PROVIDED DATA Block Start
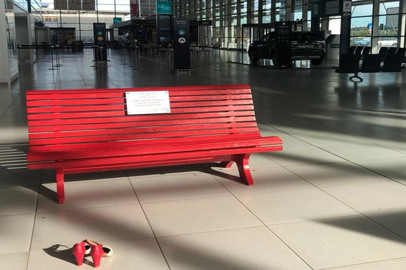 Una panchina rossa all'Aeroporto di Ancona
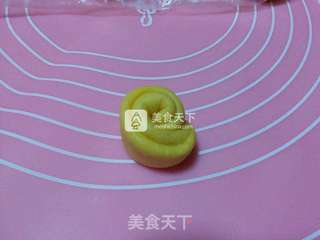 金钱卷面包的做法步骤:13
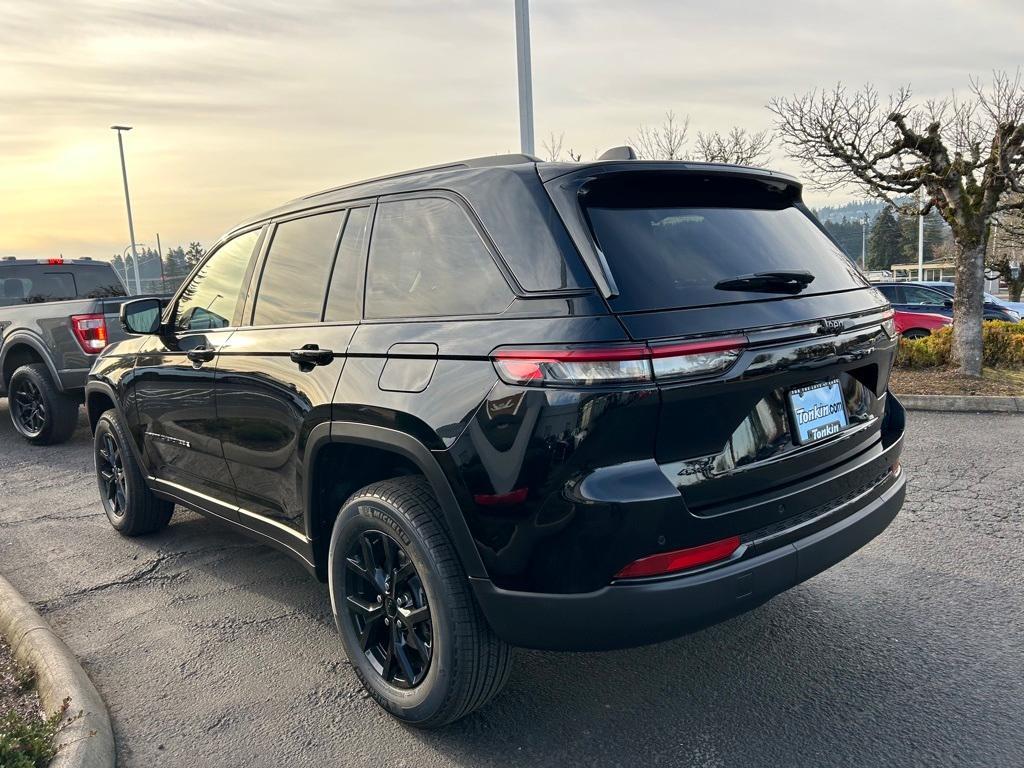 new 2025 Jeep Grand Cherokee car, priced at $41,308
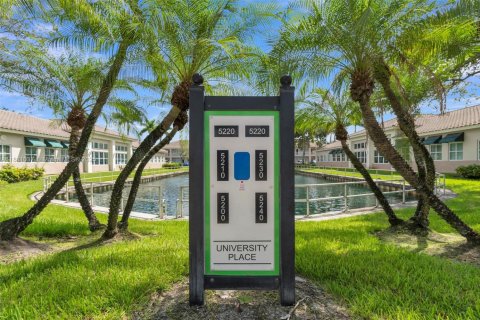 Propiedad comercial en venta en Davie, Florida № 1929757 - foto 25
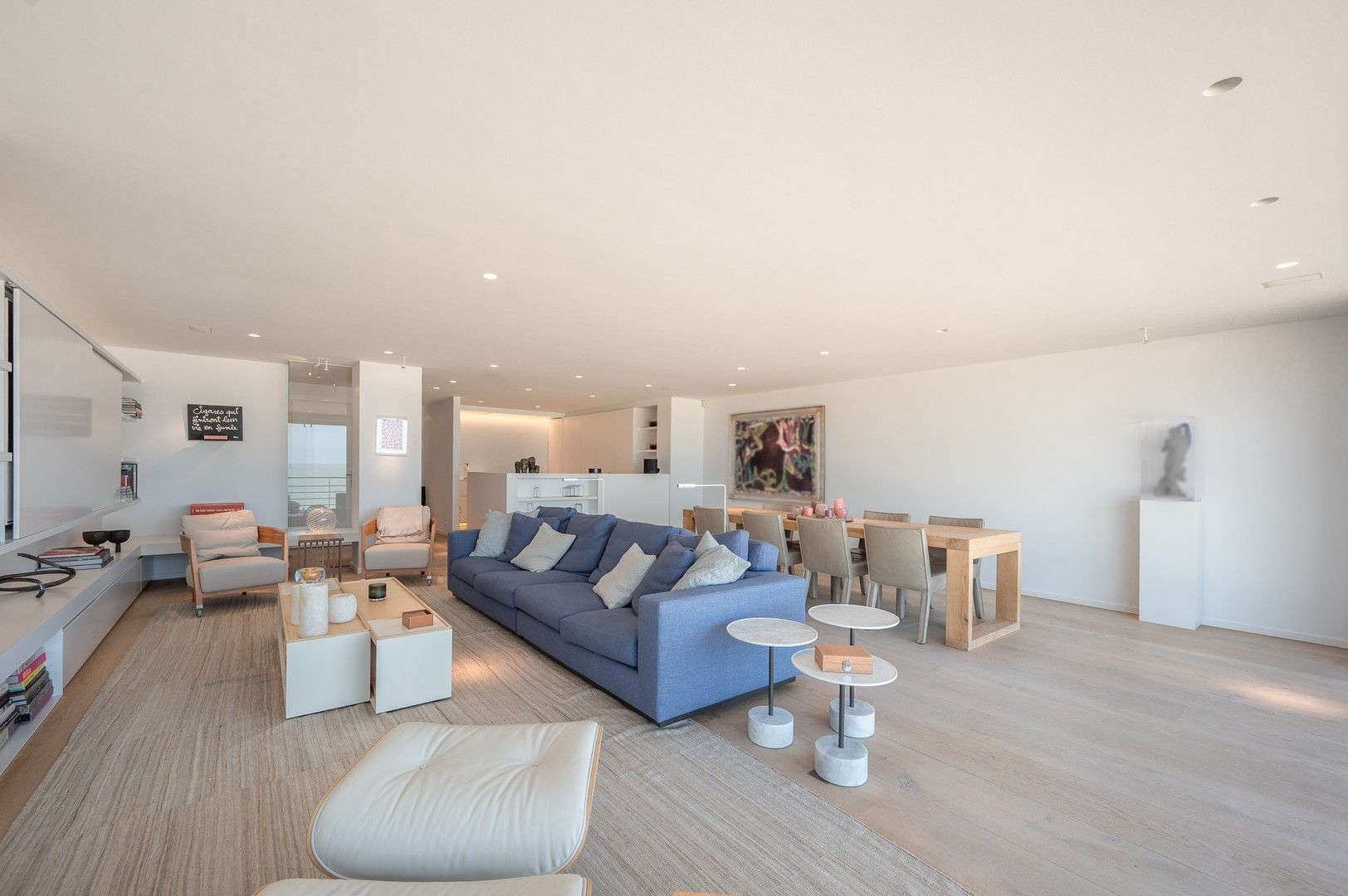 Prachtig appartement op de zeedijk in het Zoute met een gevelbreedte van 8 meter genietend van een panoramisch zeezicht. foto 4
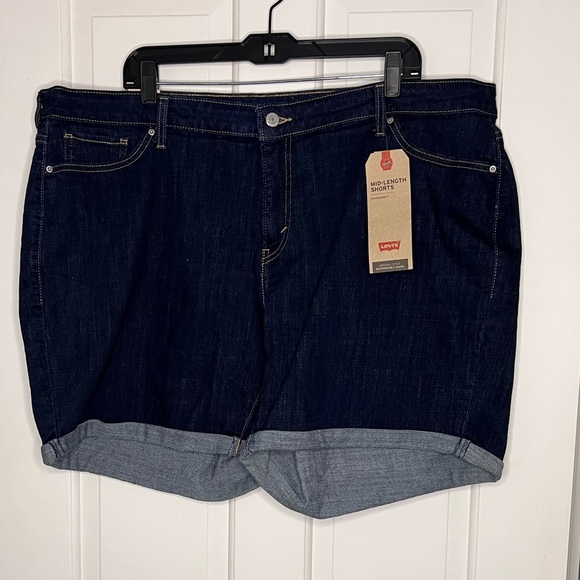 NWT Levi’s Mid-Length Shorts in Lapis Royal Size 22 - Picture 2 of 5
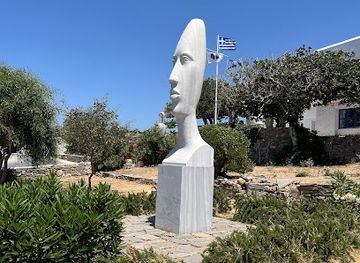 greece/cyclades/attraction/cycladic-idol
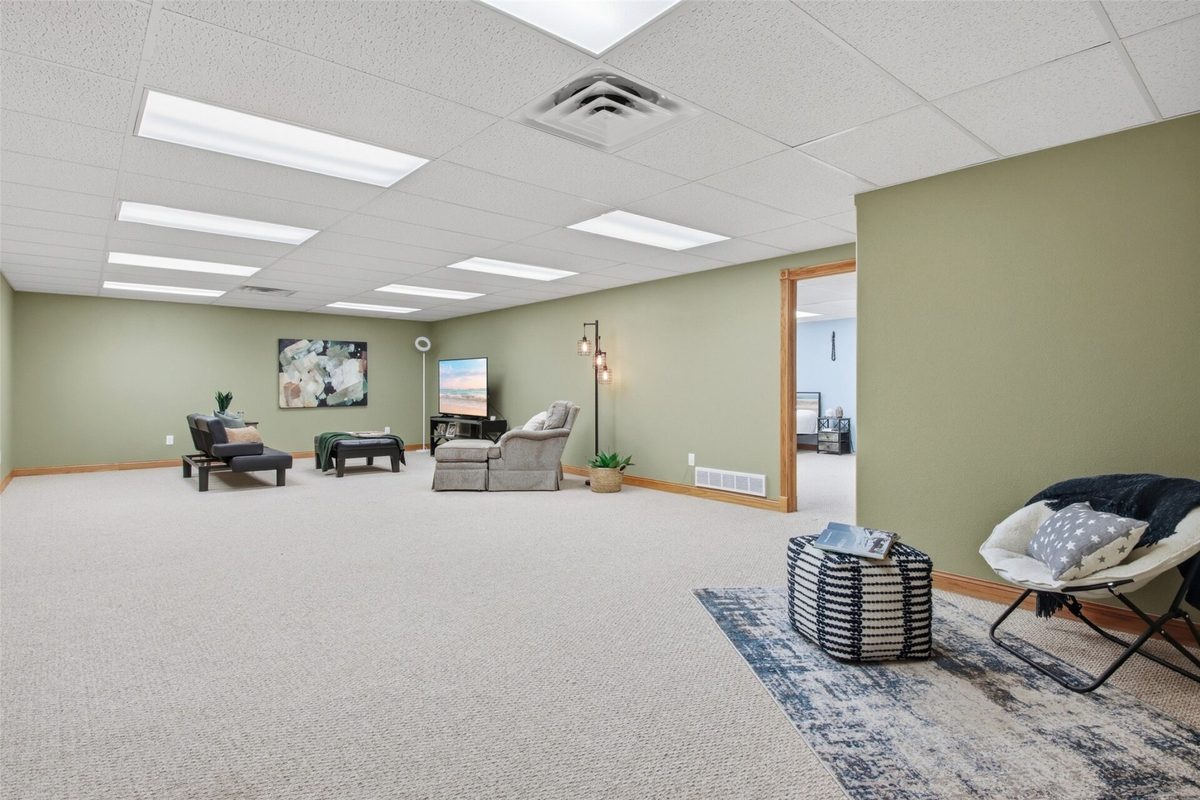 Residential at 2936 Boston Drive, Eau Claire, WI 54703 — photo 31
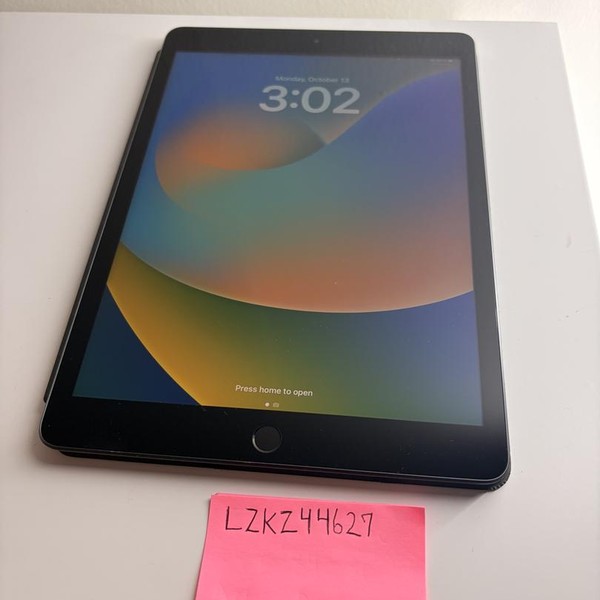 Apple iPad 7th Gen - Wi-Fi, 32 GB, Gray, A2197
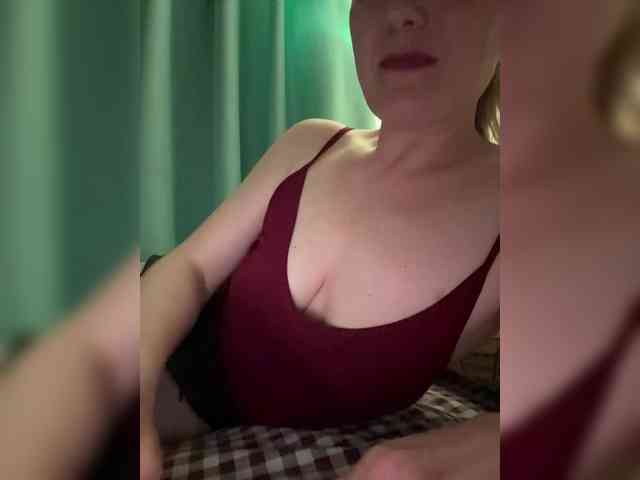 upskirt web cam Alicia
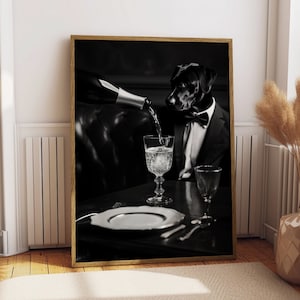 Czarny pies rasy labrador serwujący szampana Zabawny czarno-biały nadruk z psem w stylu vintage plakat z napojami dekoracja ścienna baru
PROVIDED DATA Block End
### INSTRUCTIONS FOR THE TASK
Repeat exactly the lines in the entries from the one containing "Apple iPad 7th" to the final line, inclusive, and nothing beyond them; skip pictures.

### REPLY
 Apple iPad 7th Gen - Wi-Fi, 32 GB, Gray, A2197
 upskirt web cam Alicia
 Czarny pies rasy labrador serwujący szampana Zabawny czarno-biały nadruk z psem w stylu vintage plakat z napojami dekoracja ścienna baru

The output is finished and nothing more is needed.